Позабыв про нас, тролли, ревя, бились с гоминидом, в воздухе, задевая низкий потолок, мелькали могучие лапы.
— Кто это?!
— Пустынные тролли… — Все это время я передвигался, почти елозя задом по полу и упираясь в него ногами, а теперь вскочил и потянул Маркелыча за шиворот, пытаясь поднять. — Редкое племя. Ты что, никогда их не…
— Да знаю! — Он оттолкнул меня и встал. — Трупак, это кто? Почему он живой?!
У него начиналась истерика — или, вернее, тихая истерика переходила в буйную. Мы очутились в конце погреба, возле запертых на засов широких дверей.
— Вррах, бэбби!
Я услышал громкий хруст и увидел, как гоминид, которого тролли схватили за лапы и подбросили, ударился в потолок. Мгновение он висел, словно прилипнув к нему, а потом упал, и одноглазый тролль с хлюпаньем наступил на него лапой-колонной. Старик, все это время не спеша приближавшийся к ним по проходу, вскрикнул и побежал, широко расставив руки. Нарастающее стаккато треска понеслось по залу, волной сопровождая перемещение старика. Бочки слева и справа от него подпрыгивали, громко треща, из щелей между деревянными ребрами прыснули красные струи, словно вино внутри вскипало и рвалось наружу.
— А-а-а… — С криком я развернулся и вцепился в массивный засов, пытаясь сдвинуть его.

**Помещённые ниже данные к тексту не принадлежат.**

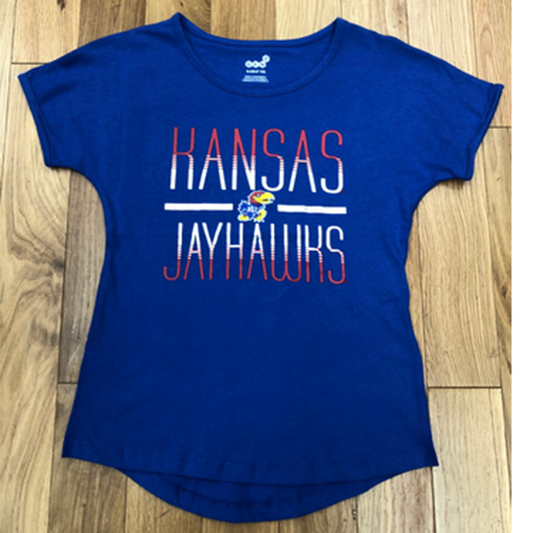KU Girl's Kansas Jayhawks Silver Bar Shirt - Royal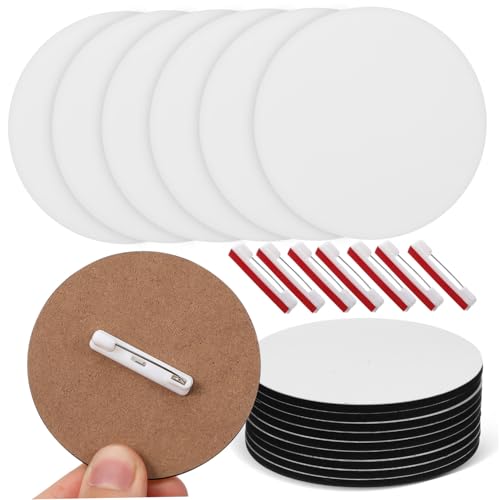 Healeved 30 Stück Runde Sublimationsrohlinge Buttons Langlebige Namensschilder mit Pin Diy Badge Blanko für Events Personalisierbare Arbeitskennzeichen Professionelle Anstecknadeln von Healeved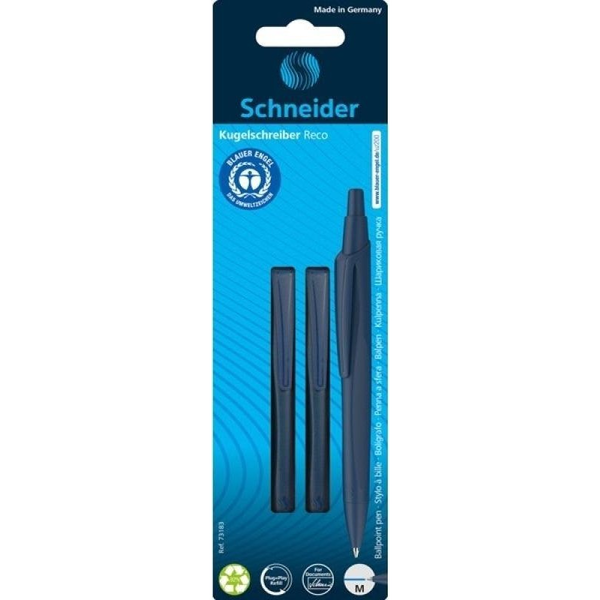  Schneider Długopis automatyczny SCHNEIDER Reco, M, 2 szt., blister, niebieski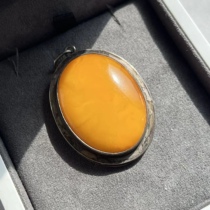 Germany returns 835A fishing island old silver wax pendant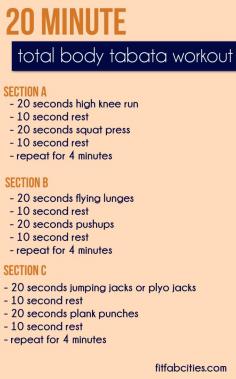 
                        
                            Tabata Workout - About 20 minutes of tabata intervals give the same aerobic benefit and calorie burn as running 40 minutes.
                        
                    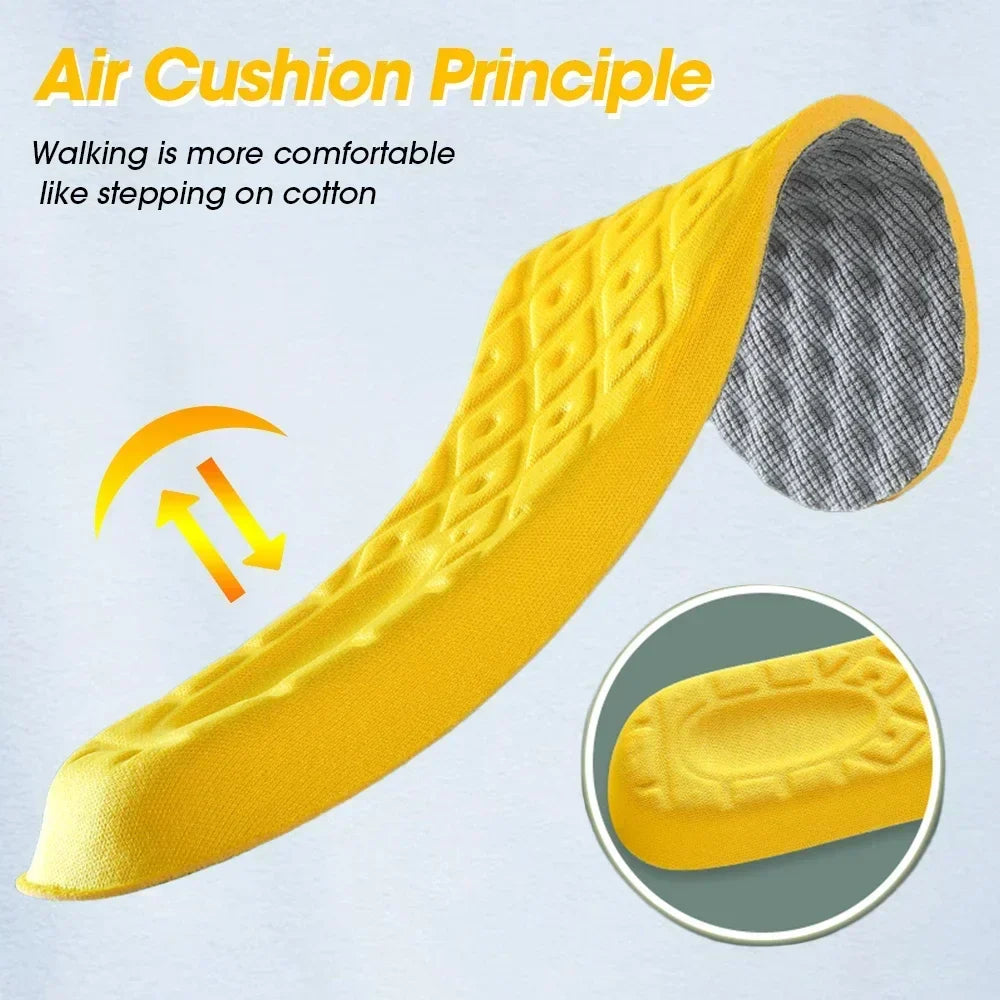 4PCS Soft Latex Memory Foam Insoles – Breathable Orthopedic Shoe Inserts for Men & Women Sports Running Foot Support Cushion Pads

Сэмка, глаза которого стали совсем безумными, все же что-то еще соображал: он тоже навалился на засов, помогая мне. Треск бочек перешел в грохот, затем все это накрыл звуковой вал шипения и плеска. Засов сдвинулся, створка двери начала приоткрываться под нашим весом, и я оглянулся. Бочек уже не было, волна бушующей бело-розовой пены и темно-красного вина катилась по погребу, но в ней точно посередине оставалась прореха, по которой, широко расставив руки, бежал старик. Пустынные тролли попятились, и тут же волна накрыла сначала их, а потом — нас.
2
Если бы мы не отодвинули засов, то оказались бы расплющенными о двери. А так нас вынесло сквозь круглый люк и подбросило, словно струей очень мощного фонтана. Мы рухнули на пол, поток вина отнес нас в сторону и схлынул. Я встал, за шиворот приподнимая Маркелыча, слыша громкий скрип и ощущая, как подрагивает пол. Над нами нависал низкий скошенный потолок, а рядом имелся широкий проем. Волоча Сэмку за собой, я прошел в него.
Мы покинули подземный уровень. В этом месте свет был тусклым, но зато лился он со всех сторон — от свечей, горевших в красивых дорогих подсвечниках. Виднелась огромная мраморная лестница, из-под которой мы вышли, мраморные полы и стены, изразцы с глазурью, двери красного дерева и тяжелые портьеры. Все это напоминало сцену из пьесы про дворцовую жизнь в постановке богатого театра, который может позволить себе шикарные декорации. Из-за декораций доносились приглушенные раскаты грома. В дальнем конце зала стояло несколько человек, в броне, с пиками и мечами. Я попятился, ступив на первую ступень лестницы.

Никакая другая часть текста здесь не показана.